Now I’m figuring out how to use Open Office, since Smashwords’ instructions are all for Word. Curses. But once I have it, that’s another part of publishing that will be easier to deal with.

A little bonus of reading the guide more closely is that I found the answers to a couple of questions. Why had the guide changed the original recommendation of a 600 pixel width for covers to 500 pixels? Turns out that small screens like those on phones and the iPod Touch will cut off the larger graphics. I also wondered why the ePubs of some books showed the cover twice. It turns out to be the difference between making the cover the first page of the book or uploading it separately. Aargh, that’s one detail I didn’t copy, and am too lazy to look for right now, but there are different requirement for PDFs and one of the other formats. If you don’t do it correctly, the PDF version won’t show the cover. Go look it up for yourself if you really need to know.

Another detail that I hope Smashwords will modify some time in the future is chapter links. If your chapter headings start with the word “Chapter,” the meatgrinder will automatically create a  live TOC. Which is nice, in theory. But I’ve seen books with three pages of nothing but chapter numbers because Smashwords creates just one column, no matter how many chapters the book has. This means a lot of useless clicking to get to the text, and it also cuts down on the length of the free sample. So, if you’re inclined to write a lot of very short chapters, that’s something you might want to think about. Either combine chapters, if that’s possible, or don’t use the word “Chapter.” By the way, if you create your own TOC with Chapter One, Chapter Two, etc., you will wind up with two TOCs.

All in all, this is one time that it’s really a good idea to RTDM. Read the Damned Manual. I keep hearing that one of the more frustrating aspects of publishing on Smashwords is finding that you’ve done something wrong and have to upload the whole thing again.

And, for a bit of icing on the publishing cake, here’s an excellent post I found this morning. The Pit and the Pendulum, which might be subtitled A Reviewer’s Lament. Don’t be one of the writers she’s talking about.


14 thoughts on “Getting Published – Maybe soon?

  1. Thank you for the mention, Catana. And for your insightful comments on my blog this morning.
    I’ve heard it’s difficult to do everything right with regard to uploading to Smashwords and other e-book sites. But someday I may need to know how. Thanks for blazing a trail and being concerned with doing it right. I pray that those who pay attention to the quality of their offerings will reap the rewards.

  2. Cynthia, thanks for the kind words. One of the things I’d like to do, once I’ve been through the mill on Smashwords, is write a nice long post full of dos and don’ts, and all the little things that can make a difference in how well you show up on the site.
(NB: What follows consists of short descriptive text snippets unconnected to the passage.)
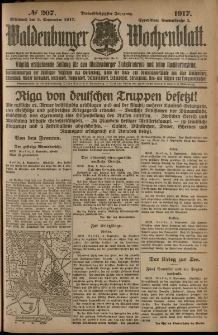 Waldenburger Wochenblatt, Jg. 63, 1917, nr 207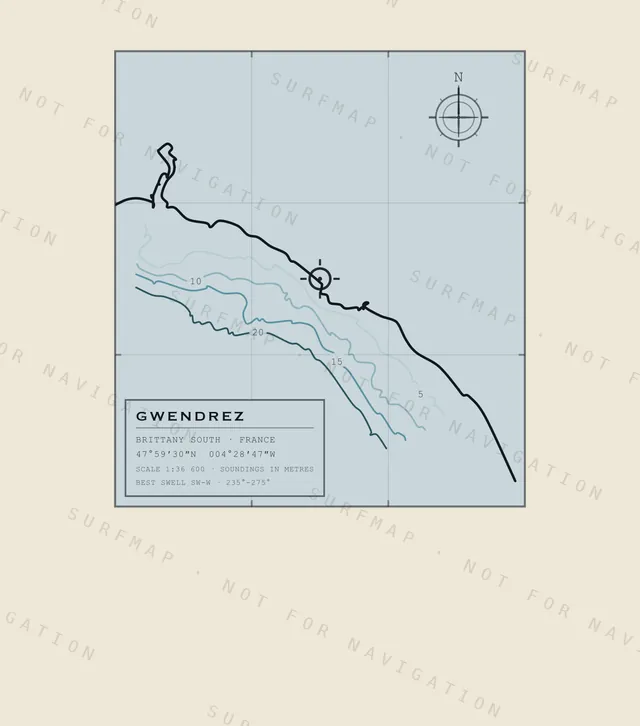 Gwendrez chart, the full artwork printed on the back
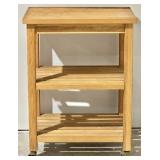 Rolling Wood Cart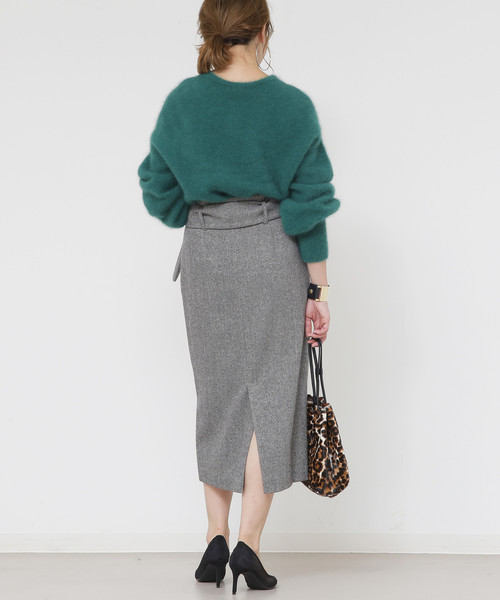 Liesse（リエス）の「ヘアリーニットボリュームスリーブニットプル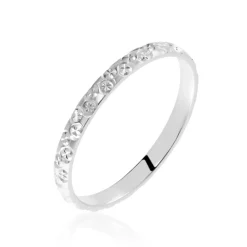 Alliance Menussa Diamantee Or Blanc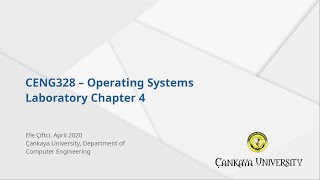 CENG328 Laboratory Chapter 4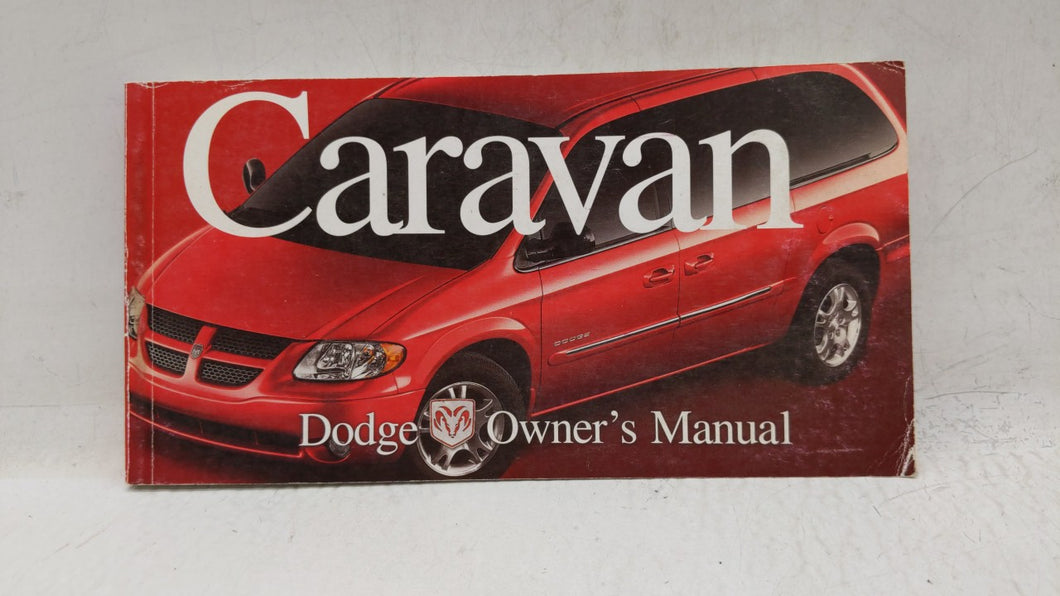 2001 Dodge Caravan Owners Manual Book Guide OEM Used Auto Parts - Oemusedautoparts1.com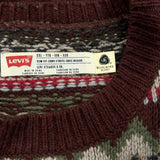 Levis Slim Fit Sweater - 2XL Multicoloured Wool Blend
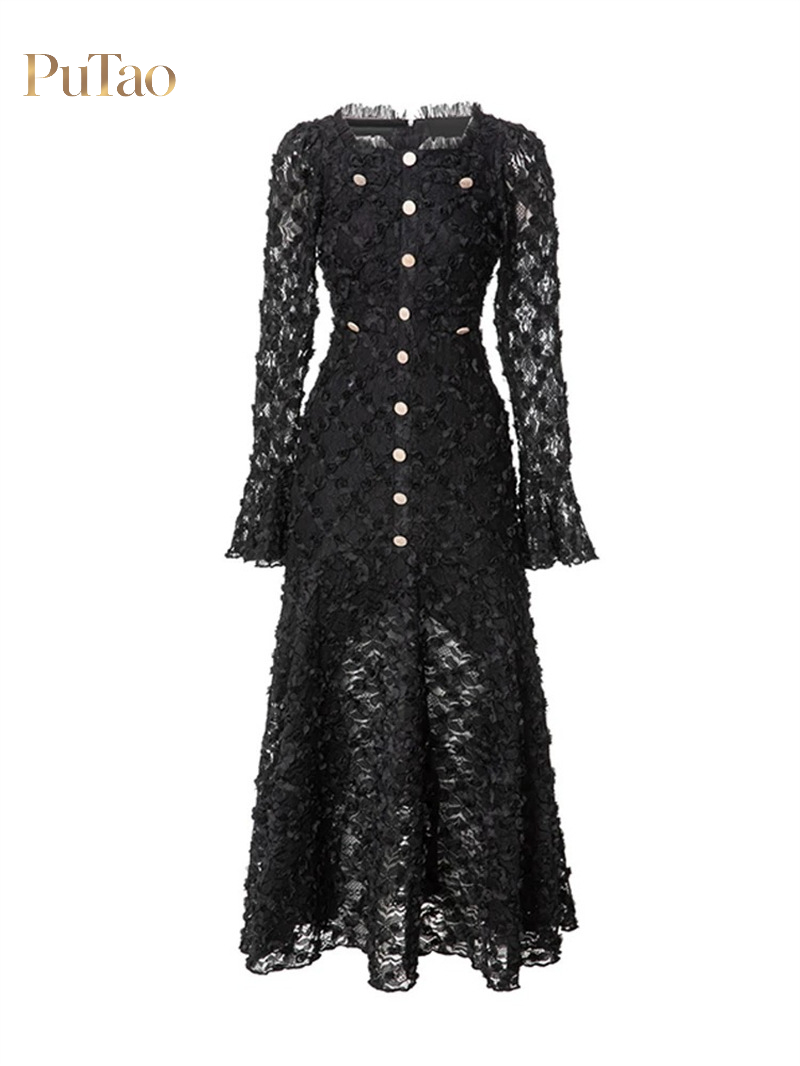 Putao 3D Floral Lace Mermaid M - Women Formal Wear Dubai ulasan dan harga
    1. Well I will be checking back and noting those. Some of the writers in my groups want to self publish the novels they are working on. So these tips are invaluable. I am doing a mash up of blog posts and have added yours to it.
      Are you on Twitter?

  3. I’m on Twitter, Cynthia, but it’s just to follow a couple of writers and some bloggers. I hardly ever post anything there. I got pretty sick of it, and decided that I could live without it as part of a platform. I depend on my blogs, blog comments, and forums for that.

  4. I’m finally finishing edits to my dad’s book. Luckily, he has someone who’s experienced with Smashwords formatting and uploading the finished product for him, instead of me trying to figure it out. I can’t wait to get back to my own works, and eventually to the point of publication. Although, this whole Smashwords/ePub thing sounds terribly complicated. Good luck with getting your book out there soon! 🙂

  5. I hope you can get back to your own writing soon. That can be frustrating if you have stuff in your head that needs to get out. I’m having a bear of a time with the formatting, but I hope once I’ve figured it out, the next time will be easy. From what I’ve seen of a lot of badly formatted Smashwords books, the authors haven’t bothered to read and follow the instructions in the Guide. At this point, I almost can’t blame them.

  6. I can forgive a few errors, small ones, like typos. After all, it is very hard to self-edit. And typing–I’ve always hated typing. I think I’m a little dsylexic, when I type.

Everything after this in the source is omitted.